The energy sector was broadly unchanged over the week as a whole, but fell back on Friday on press reports that informal talks among Opec members in Algiers this week were unlikely to result in a production freeze.
European stock markets made solid gains in the week ended 23 September, with the MSCI Europe Index ending 2.7% higher. Among the major European markets, the French CAC 40 rose 3.6%, Germany’s DAX gained 3.4%, the UK’s FTSE 100 was up 3.0%, Spain’s IBEX 35 was 2.2% higher, and Italy’s FTSE MIB put on 1.6%. It was a relatively quiet week on European markets, with little domestic economic news to drive direction until the end of the week, when the latest eurozone composite purchasing managers’ index (PMI) showed a slight decline in regional industrial activity in September. However, the PMI remains at a level that suggests the overall eurozone economy is still growing at a modest rate.
The big question for markets is whether the European Central Bank (ECB) will take action to further ease monetary policy to shore up the recovery, having refrained from making any adjustments at its meeting earlier this month. In particular, investors are looking for guidance from the ECB on the future of its EUR 80 billion per month asset purchase programme, which is due to expire in March 2017. The ECB will need to explain if it is going to extend the programme, and also detail how it intends to deal with the looming “scarcity” issue, with the central bank on course to run out of eligible assets to buy in late 2017. On the markets, cyclical stocks did well, with basic resources leading the way thanks to a boost from a weaker US dollar. Autos and insurance also outperformed. Banks again struggled, although the sector was still positive for the week. Deutsche Bank suffered further heavy losses following news that the lender may be liable for a potential USD 14 billion bill to settle an investigation by the US Department of Justice into mis-selling of residential mortgage-backed securities.

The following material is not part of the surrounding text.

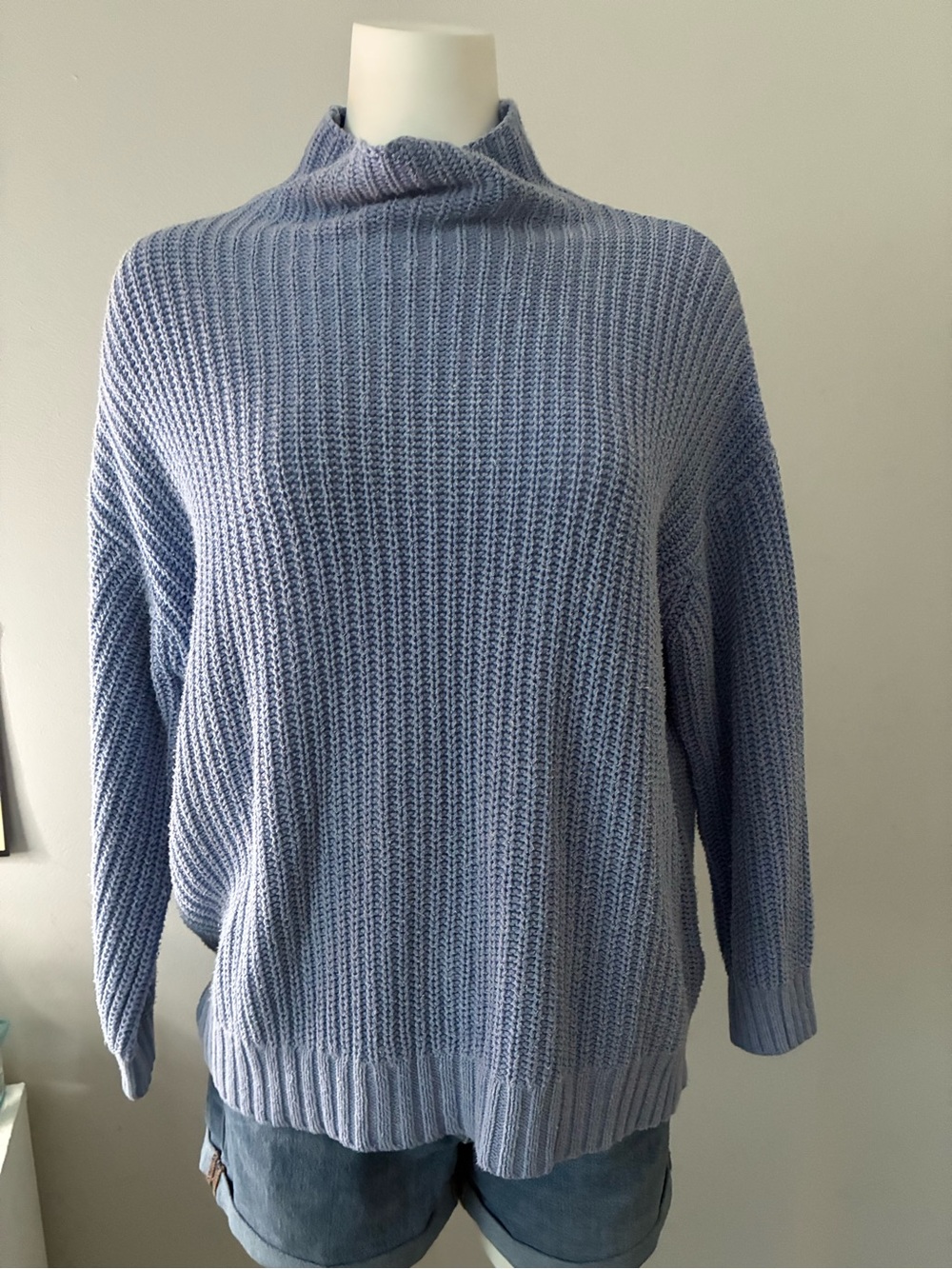 American Eagle Outfitters Light Blue Knit Turtleneck Sweater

With the German government apparently ruling out any state bailout, investors are concerned about the bank’s capital position. In the UK, meanwhile, the post-Brexit economic rebound continued as the Confederation of British Industry’s manufacturing survey for September showed a significant improvement in expected output as UK businesses continue to benefit from sterling’s weakness since the referendum vote. Nevertheless, the Bank of England continues to be wary about weakness ahead. The latest report from the central bank’s own regional agents continues to suggest a broad weakening in business sentiment that could hit growth in 2017. The minutes of the last Monetary Policy Meeting also point to another UK interest rate cut later in the year.
Global Emerging Markets:
The MSCI Emerging Markets Index rose 2.5% in the week ending 23 September, outperforming the MSCI World, which was up 1.7%. The MSCI China rose 2.7%, as sentiment was boosted by improving housing and industrial production data. According to the National Bureau of Statistics, new home prices jumped 1.3% month on month (m/m) in August, marking the strongest monthly increase since the data release began in 2011, while industrial production rose a stronger-than-expected 6.3% in August—the highest reading since March 2016.
Elsewhere in emerging Asia, Taiwan’s Taiex was up 4.3%. Export orders surged 7.2% m/m in August, helped by a boost to the technology sector following the launch of the new iPhone. South Korea’s Kospi rose 2.7%, while India’s Sensex returned 0.2%. In emerging Europe, Poland’s WIG rose 1.5%, helped by a bounce in industrial production and retail sales in August, reversing July’s declines. However, construction plummeted in August, posing risks to the outlook for the country’s economic growth. Elsewhere, Russia’s RTS ended 3.4% higher, while Hungary’s BUX returned 0.1%. In Latin America, Brazil’s Bovespa and Mexico’s IPC ended the week 2.8% and 4.0% higher, respectively.
Bonds & Currency:
Core bond yields, which have been trending higher in recent weeks, fell back on expectations of continued stimulus from the BoJ, with the 10-year US Treasury yield ending the week 8 basis points lower at 1.62%.